I recently took a trip to Nashville for a client meeting. I always like to take a book with me for the flight, and this time, I read “Relentless” by Tim Grover.
A lot of people aren’t fans of Tim Grover because he’s extremely relentless when it comes to winning, and he won’t stop until he achieves his goals. He’s trained some of the most amazing athletes — Michael Jordan, Kobe Bryant and Dwayne Wade to name a few. His clients were all relentless in their desire to win, and he was relentless in the way he trained them mentally and physically.
Before my Nashville trip, I was listening to an episode of Rachel Hollis’s podcast where she interviewed Tim Grover. He fascinated me with his stories, and I realized he had a lot of the same beliefs I do about work ethic and removing the emotion from work to get results. Rachel mentioned that his book is perfect for Enneagram Type 3’s, so of course, I got on Amazon and immediately ordered it.
Once I started reading “Relentless,” I couldn’t put it down. There were so many concepts and stories that I related to in my own life and in my pursuit to win in business. I often find myself feeling frustrated with clients who say they have massive goals for their business but aren’t actually willing to put in the work to get there. Grover tells his clients:
“Let me do all the thinking for both of us. I’m making your life easier by doing all the homework and giving you the answers to the test. Just show up, work hard and listen. That’s your part of the deal. Do the work.”

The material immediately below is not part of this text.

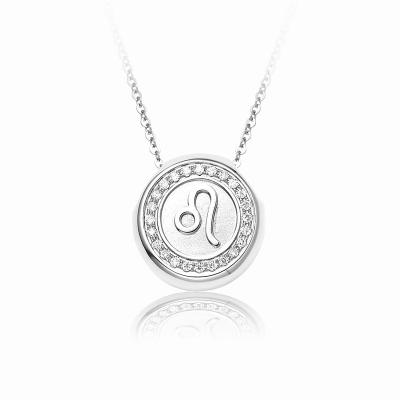 China Luxury punk 925 necklace Leo surprise birthday gift 12 zodiac signs series ladies gift silver diamond set for sale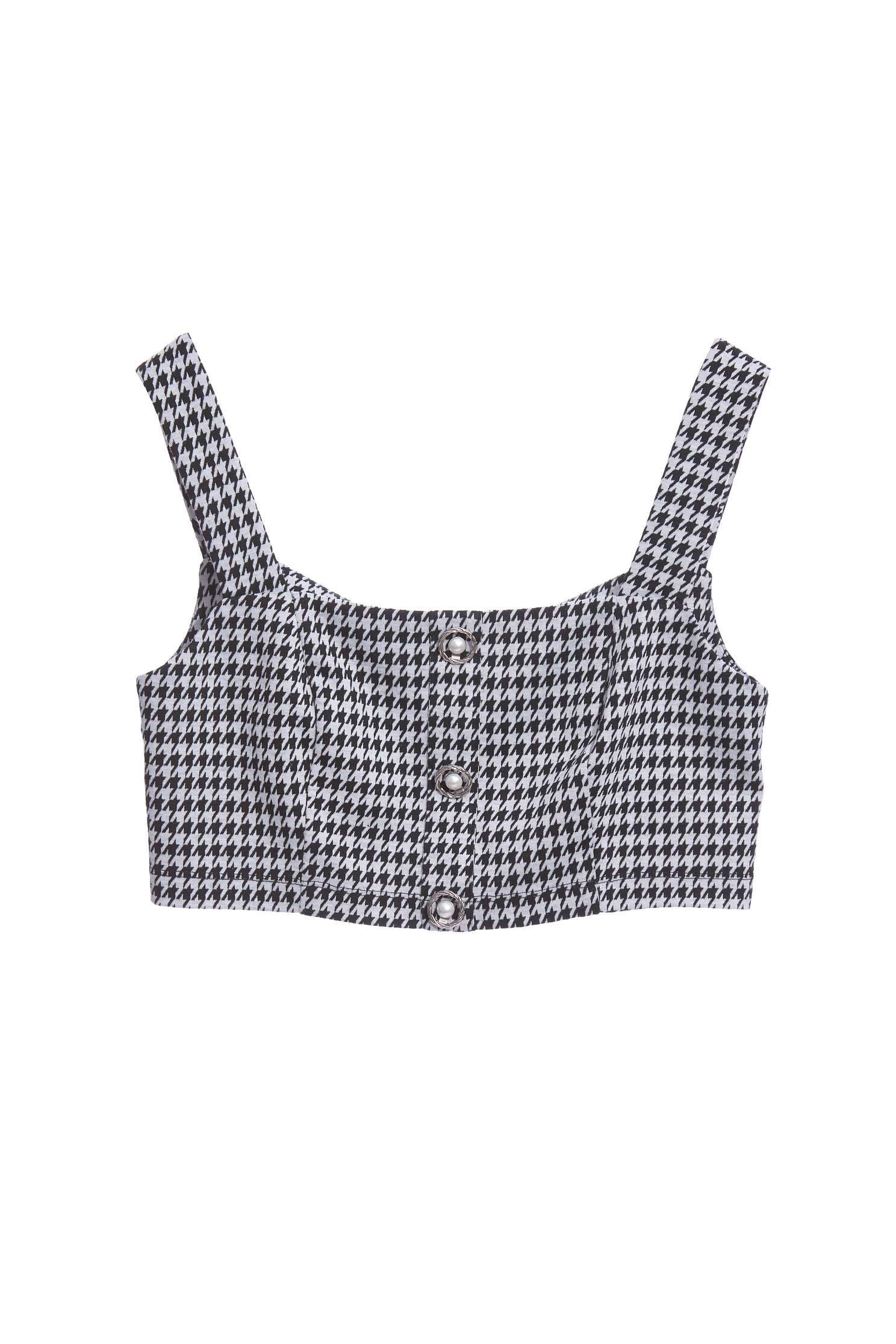 Houndstooth Crop VestClassic houndstooth check short version vest,sleeveless tops,Plaid,pearl,Season (AW) Look,sleeveless tops,upperclass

A lightbulb went off for me, as this is the same ethos I have when approaching my clients. I will give them the game plan to follow, all they need to do is put in the hard work.
In the book, Grover lays out a helpful structure he uses to categorize his clients:
- The Cooler – He thinks about what he’s supposed to think about, but is usually all talk.
- The Closer – He thinks, analyzes and eventually acts.
- The Cleaner – He doesn’t think at all, he just knows.
Grover uses the term Cleaner to describe Michael Jordan and Kobe Bryant. A cleaner is unemotional — he gets in the zone and does whatever it takes to win. He tells many stories about MJ and Kobe winning a championship and turning around early the next morning to train and get better while everyone else is celebrating. They were the best players in the league, yet they always believed they could be better and achieve more.
My Nashville client is truly relentless. He’s started two tech companies, sold them both, and is now on his third tech company. He and I had an investor pitch where we were asking for $1 million from some heavy hitters he was introduced to in the industry. My client had already invested hundreds of thousands of dollars of his own money into this company, but he needed more to get it off the ground. This money came from selling his father’s farm after he passed away. It was meant to be his retirement money, but instead, he took a risk and invested it into his company. He had so much skin in the game, but he was relentless in his pursuit to make his dream come true. That’s what a Cleaner really does — late nights, early mornings, they stop at nothing until they reach their goal.
One of my favorite quotes from the book is:
“The decision you make on Monday will still be waiting for you on Tuesday, and by then two new decisions will have to be dealt with, and if you still don’t make those decisions, you’ll have three more on Wednesday. Pretty soon, you’re so overwhelmed by everything you still haven’t dealt with that you become completely paralyzed and can’t do anything!”
I see people do this all the time. They’re paralyzed out of fear of making a mistake and don’t act. Meanwhile, their competitor is acting, making mistakes and correcting them along the way; therefore, passing you by. Moral of the story: Don’t be afraid to make mistakes. Even if you do make the wrong choice, you can act and pivot if you need to. Overanalyzing every decision will paralyze you. The book goes on to explain that you can apply this philosophy to any aspect of your life.
Are you like a Cooler (all talk but no game), a Closer (strategically think, act and get results) or a Cleaner (not overthinking anything, going off your gut with confidence to get the job done)? I believe successful entrepreneurs can be Closers or Cleaners.
If you’re looking for some straight talk, Grover can definitely provide that for you in “Relentless.” If you’re looking for motivation, this isn’t the book for you. Grover expects you to already be motivated and won’t tolerate those who need to be motivated. In other words: He’s got no time for Coolers.